To kick off the conversation we discuss a little more about Sarah’s background and how she has found her way to her current role as a leader in the data and VC space. As Sarah explains, she started her path in the defense and intelligence sector to learn more about why people show violent behavior and the reasoning behind why terrorist organizations form and advance. “What I found was that the statistical approaches could be used to get better insights into these organizational dynamics, so right after college, I ended up going to the Center for Advanced Defense Studies, and there the focus of the research program I was directing was on computational models of adversary behavior.” From here Sarah began to see that software and data could be used to better understand people’s behavior in a very different way, but ultimately lead her to ask the question, “How do we use data to predict organizational behavior?”. So how did she find her way from the public sector into the private, VC world? Well as she explains, “It’s actually kind of the same thread. I’ve always been trying to answer this question, how does this small, covert organization disrupt an incumbent. How do we predict their behavior with data?”

At the heart of what Sarah has dedicated her time to professionally has been this idea of data. But data is a bit of a social buzzword these days, especially in the world of technology. So how do we rightly understand what data is? As Sarah notes, “I think what we need to remind ourselves always, is that data is a representation of the world. Data is a representation of human behavior.” Building on this she notes that “It really hinges much more on privacy, and around the ways in which data can be used as a weapon to really oppress, again, those underrepresented populations. I see far fewer efforts to use data as a tool of enablement, or use data to really highlight those gnarly elephants in the room that we’re not talking about.” But what about bias and its role in data? It’s hard to talk about data without talking about the role bias plays in procuring the data. So how does bias impact the data being gathered? “In a sense, there is no such thing as bias in our data, there is only bias in society, bias in individuals, and that gets reflected in our data sources. I think what worries me sometimes is that we see these approaches, we see these conversations around removing bias from our datasets. If we remove the bias from our datasets, then we have no way of actually identifying that bias in society,” Sarah notes.

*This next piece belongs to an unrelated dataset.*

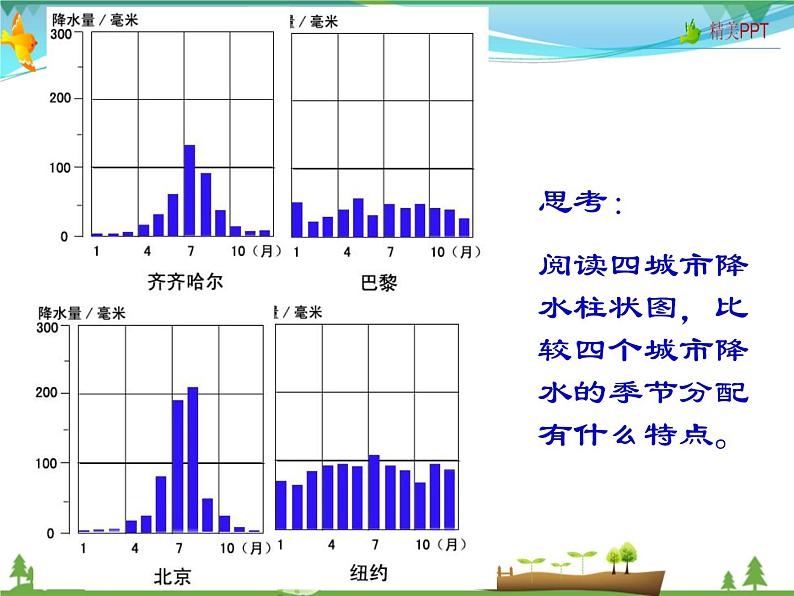 (商务星球版)八年级地理上册同步 2.2 气候的基本特征1(优质课件)第7页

Another topic of discussion is the idea of diversity and its importance in the process of data gathering and safeguarding bias, but also its inclusion for building a sustainable, growing team. As Sarah notes, “Diverse teams produce better analysis…When you have different types of perspectives you can imagine different edge cases, you can imagine different outcomes, you can imagine different interpretations, and so in fact, diverse teams are just better. Especially in the world of data science.” But she adds, “I think another problematic trend in Silicon Valley is this tendency to want to hire for diversity as an end in itself.” So while diversity is crucial to maintaining integrity, it cannot be an end in itself. In a very real way, diversity is something that Sarah has herself seen play out in her role as a woman leading at an emerging VC firm. As she shares about her experience, she notes, “I won’t pretend that it’s easy. I think in fact as a female in venture capital I do need to hustle harder. You just don’t have the same social structures that your male colleagues may have, but there’s more opportunity to grow in a sense.”

Bringing the discussion to a close the two discuss the future of AI, what these talking points mean for the years ahead and where time and attention will be given across the board. For Sarah, the focus is clear. “One question that I like to ask myself often is, what is something I believe that other people don’t necessarily believe. Like, what are the opinions I hold that are relatively contrarian? And frankly, if there was something I was very excited about that seemed rather science fictiony, or perhaps not even necessarily overhyped, but just weird, it would be this area of augmented intelligence. So if I unpack that and that about what precedes augmented intelligence, I think it is a more sophisticated understanding of what humans are good, and what machines are good at, and how we develop the right interfaces between humans and machines.” “There are a lot of things that we do today that we’re just not super well suited for, I mean think about certain elements of memory, certain routine tasks that we do. Like, how can we fill in those gaps in the future.”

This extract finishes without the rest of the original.